* THE TASK:
Your reply should contain the whole listing below, repeated exactly, and no images.

* SOURCE DATA:
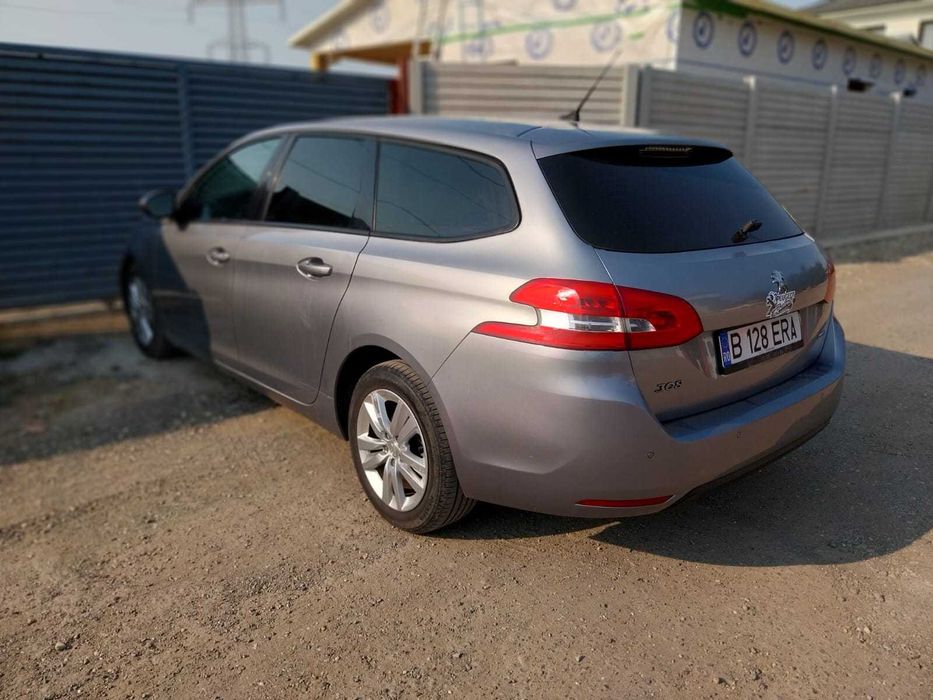 Peugeot 308 automat avariat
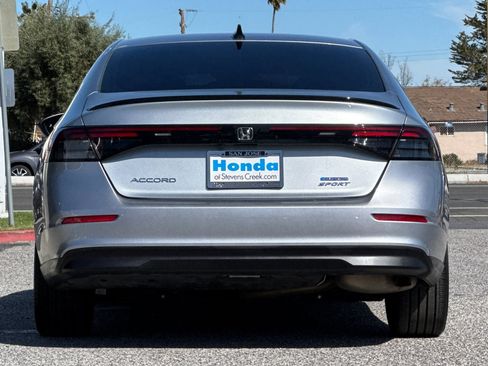 Used 2024 Honda Accord Sport image 9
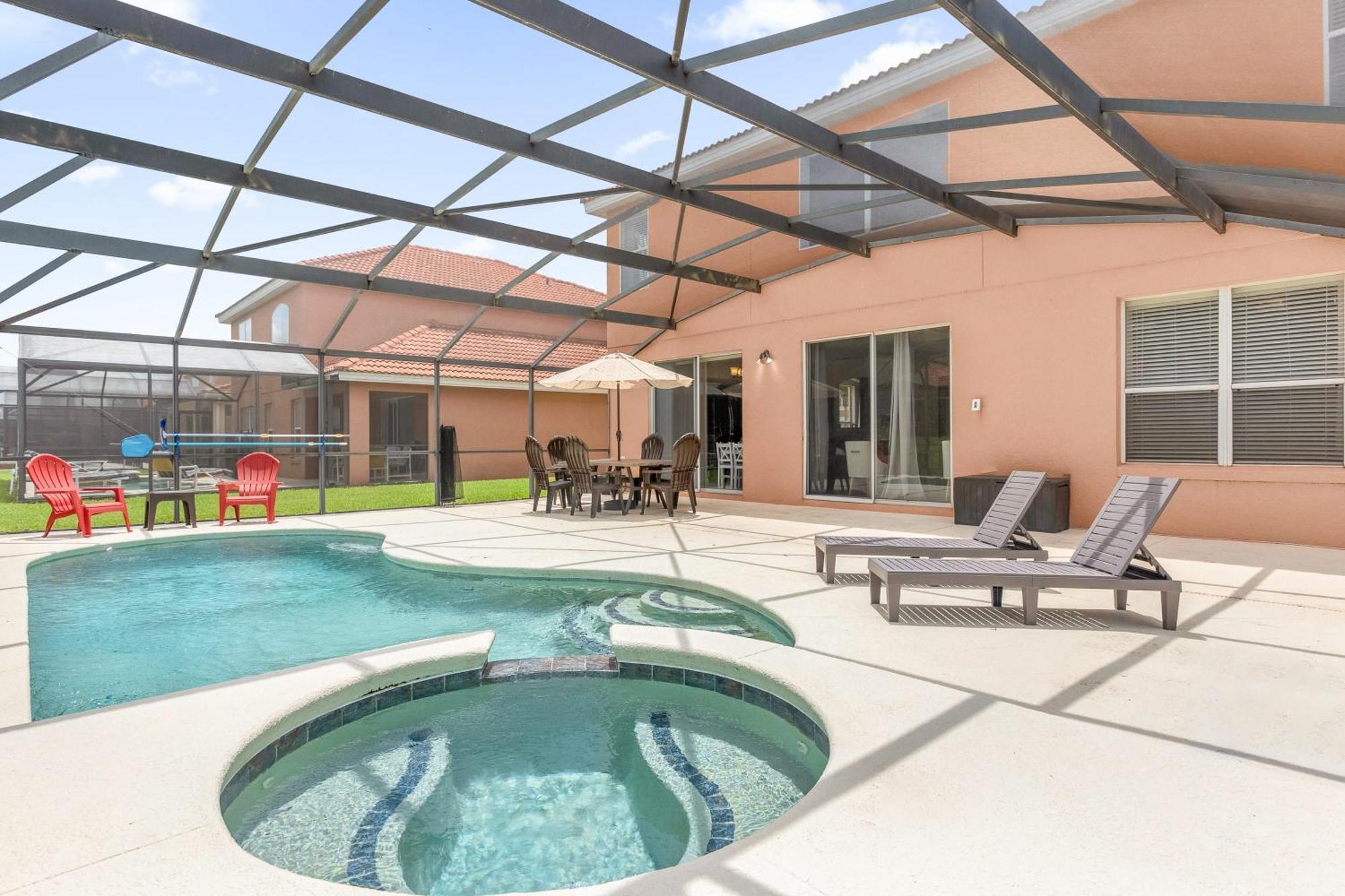 Large Spacious Home W Private Pool & Hot Tub Davenport Luaran gambar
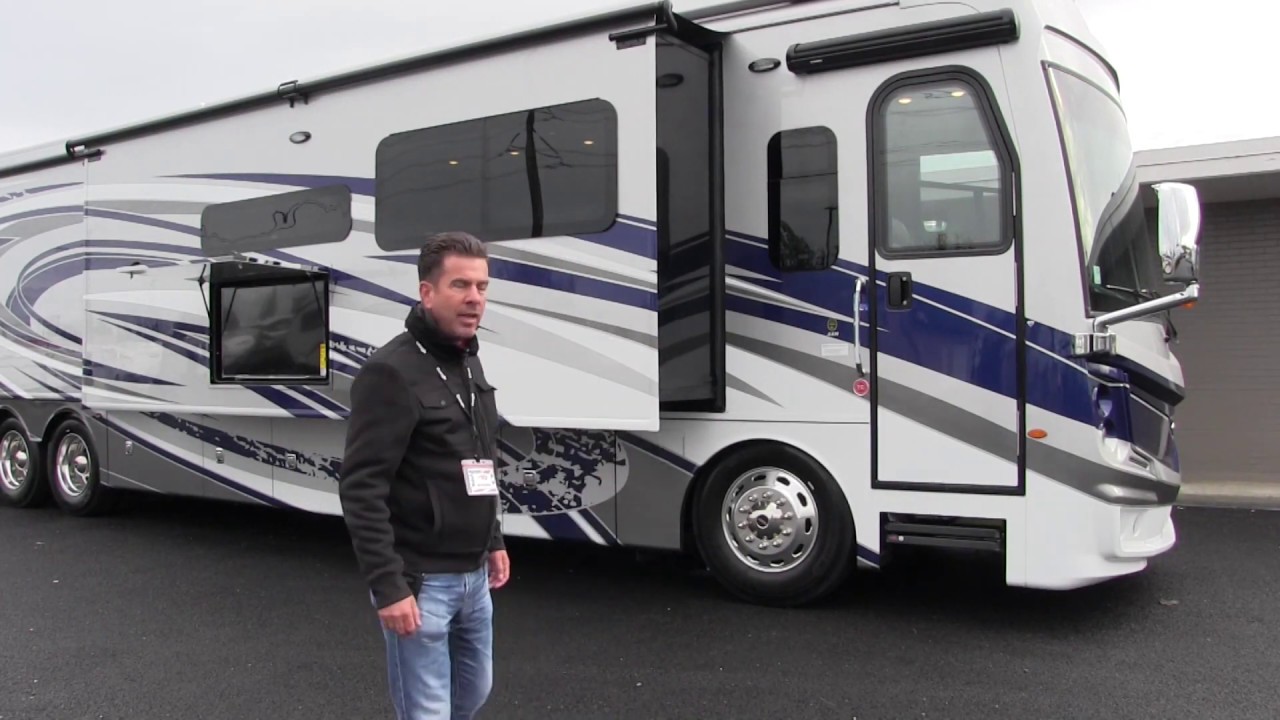 2020 Fleetwood Discovery 44H walkthrough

* RESPONSE FOR THIS EXERCISE:
 Peugeot 308 automat avariat
 Used 2024 Honda Accord Sport image 9
 Large Spacious Home W Private Pool & Hot Tub Davenport Luaran gambar
 2020 Fleetwood Discovery 44H walkthrough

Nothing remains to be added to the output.